Restate the lines exactly, starting at the line that contains "Order Birkenstock Kyoto" and finishing with the final line of the records.

****

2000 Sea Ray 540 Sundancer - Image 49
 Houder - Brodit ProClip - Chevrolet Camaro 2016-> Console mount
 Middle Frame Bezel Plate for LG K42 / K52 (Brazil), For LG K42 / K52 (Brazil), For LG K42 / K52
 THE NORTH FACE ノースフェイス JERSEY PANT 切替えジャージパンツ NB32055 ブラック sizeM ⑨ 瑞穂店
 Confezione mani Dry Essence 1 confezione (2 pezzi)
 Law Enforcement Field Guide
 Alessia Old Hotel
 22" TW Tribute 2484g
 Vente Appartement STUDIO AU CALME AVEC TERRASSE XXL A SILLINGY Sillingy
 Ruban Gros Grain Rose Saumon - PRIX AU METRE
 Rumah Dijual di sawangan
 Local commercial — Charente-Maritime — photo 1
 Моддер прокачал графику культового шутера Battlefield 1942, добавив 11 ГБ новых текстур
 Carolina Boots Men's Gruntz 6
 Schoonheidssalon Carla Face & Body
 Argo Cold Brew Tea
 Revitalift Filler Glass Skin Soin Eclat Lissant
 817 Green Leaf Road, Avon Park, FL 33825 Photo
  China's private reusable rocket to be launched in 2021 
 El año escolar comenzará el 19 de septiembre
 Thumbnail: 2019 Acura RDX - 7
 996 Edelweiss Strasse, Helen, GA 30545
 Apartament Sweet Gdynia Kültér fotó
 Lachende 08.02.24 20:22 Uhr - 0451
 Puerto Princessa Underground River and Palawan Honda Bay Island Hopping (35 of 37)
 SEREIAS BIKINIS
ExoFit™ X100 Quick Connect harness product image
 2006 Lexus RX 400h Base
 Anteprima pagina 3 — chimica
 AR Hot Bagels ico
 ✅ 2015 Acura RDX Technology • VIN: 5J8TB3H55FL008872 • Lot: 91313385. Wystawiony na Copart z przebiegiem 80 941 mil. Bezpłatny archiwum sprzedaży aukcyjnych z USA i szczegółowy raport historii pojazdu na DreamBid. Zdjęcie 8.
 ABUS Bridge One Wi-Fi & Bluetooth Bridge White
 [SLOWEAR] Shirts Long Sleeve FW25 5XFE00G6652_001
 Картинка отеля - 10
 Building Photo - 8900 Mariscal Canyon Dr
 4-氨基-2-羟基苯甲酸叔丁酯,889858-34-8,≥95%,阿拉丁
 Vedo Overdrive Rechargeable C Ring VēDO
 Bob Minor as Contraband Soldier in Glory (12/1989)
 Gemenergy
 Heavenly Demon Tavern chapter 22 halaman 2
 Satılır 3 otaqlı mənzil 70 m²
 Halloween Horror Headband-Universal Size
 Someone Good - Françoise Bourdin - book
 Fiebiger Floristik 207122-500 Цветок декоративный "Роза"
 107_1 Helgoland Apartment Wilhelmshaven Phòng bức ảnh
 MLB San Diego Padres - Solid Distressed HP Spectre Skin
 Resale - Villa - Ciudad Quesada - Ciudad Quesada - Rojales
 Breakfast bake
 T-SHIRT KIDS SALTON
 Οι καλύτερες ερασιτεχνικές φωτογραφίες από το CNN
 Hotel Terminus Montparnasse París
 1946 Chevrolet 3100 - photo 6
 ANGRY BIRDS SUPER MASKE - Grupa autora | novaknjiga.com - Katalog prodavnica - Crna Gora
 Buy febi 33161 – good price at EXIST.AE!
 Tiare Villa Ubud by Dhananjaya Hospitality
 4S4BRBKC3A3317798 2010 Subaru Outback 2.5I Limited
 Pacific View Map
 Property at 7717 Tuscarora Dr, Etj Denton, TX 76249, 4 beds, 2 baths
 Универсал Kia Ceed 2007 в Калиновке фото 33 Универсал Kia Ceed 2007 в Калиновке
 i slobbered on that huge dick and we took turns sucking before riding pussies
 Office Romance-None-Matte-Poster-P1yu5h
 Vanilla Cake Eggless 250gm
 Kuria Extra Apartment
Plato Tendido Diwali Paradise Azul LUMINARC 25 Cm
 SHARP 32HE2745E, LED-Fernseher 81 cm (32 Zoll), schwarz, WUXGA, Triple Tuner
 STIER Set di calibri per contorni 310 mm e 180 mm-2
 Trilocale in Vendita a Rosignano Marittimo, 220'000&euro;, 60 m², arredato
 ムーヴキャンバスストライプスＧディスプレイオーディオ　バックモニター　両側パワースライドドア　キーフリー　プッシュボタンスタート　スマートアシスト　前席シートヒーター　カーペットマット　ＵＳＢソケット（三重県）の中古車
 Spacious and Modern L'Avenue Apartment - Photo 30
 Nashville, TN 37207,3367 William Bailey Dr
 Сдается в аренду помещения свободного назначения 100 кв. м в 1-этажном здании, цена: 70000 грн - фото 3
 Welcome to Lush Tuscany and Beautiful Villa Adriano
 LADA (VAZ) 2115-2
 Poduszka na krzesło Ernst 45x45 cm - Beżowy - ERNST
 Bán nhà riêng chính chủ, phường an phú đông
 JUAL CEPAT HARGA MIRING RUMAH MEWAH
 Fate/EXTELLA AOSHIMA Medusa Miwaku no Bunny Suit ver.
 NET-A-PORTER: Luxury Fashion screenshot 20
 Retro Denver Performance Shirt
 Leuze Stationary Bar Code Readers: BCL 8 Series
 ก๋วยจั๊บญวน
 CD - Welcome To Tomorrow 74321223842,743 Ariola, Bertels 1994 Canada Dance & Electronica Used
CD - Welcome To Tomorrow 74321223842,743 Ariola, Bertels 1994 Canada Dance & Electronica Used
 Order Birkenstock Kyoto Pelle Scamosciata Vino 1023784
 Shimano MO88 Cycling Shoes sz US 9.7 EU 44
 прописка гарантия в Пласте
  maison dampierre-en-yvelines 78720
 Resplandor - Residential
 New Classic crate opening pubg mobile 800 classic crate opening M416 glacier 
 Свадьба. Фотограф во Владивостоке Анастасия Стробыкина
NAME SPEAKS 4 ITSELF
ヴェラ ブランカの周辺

****

§ **ANSWER BELOW**
 Order Birkenstock Kyoto Pelle Scamosciata Vino 1023784
 Shimano MO88 Cycling Shoes sz US 9.7 EU 44
 прописка гарантия в Пласте
  maison dampierre-en-yvelines 78720
 Resplandor - Residential
 New Classic crate opening pubg mobile 800 classic crate opening M416 glacier 
 Свадьба. Фотограф во Владивостоке Анастасия Стробыкина
NAME SPEAKS 4 ITSELF
ヴェラ ブランカの周辺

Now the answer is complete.